Would you write out the records below exactly as given?

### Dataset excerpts
• • • • • • •

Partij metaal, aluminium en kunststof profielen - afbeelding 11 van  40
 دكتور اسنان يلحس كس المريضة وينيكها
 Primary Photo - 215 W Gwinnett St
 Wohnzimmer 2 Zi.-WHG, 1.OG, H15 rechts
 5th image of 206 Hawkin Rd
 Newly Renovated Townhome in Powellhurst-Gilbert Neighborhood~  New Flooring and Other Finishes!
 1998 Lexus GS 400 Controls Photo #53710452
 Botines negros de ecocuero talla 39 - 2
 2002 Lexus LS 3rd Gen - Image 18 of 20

• • • • • • •

### RESPONSE
Partij metaal, aluminium en kunststof profielen - afbeelding 11 van  40
 دكتور اسنان يلحس كس المريضة وينيكها
 Primary Photo - 215 W Gwinnett St
 Wohnzimmer 2 Zi.-WHG, 1.OG, H15 rechts
 5th image of 206 Hawkin Rd
 Newly Renovated Townhome in Powellhurst-Gilbert Neighborhood~  New Flooring and Other Finishes!
 1998 Lexus GS 400 Controls Photo #53710452
 Botines negros de ecocuero talla 39 - 2
 2002 Lexus LS 3rd Gen - Image 18 of 20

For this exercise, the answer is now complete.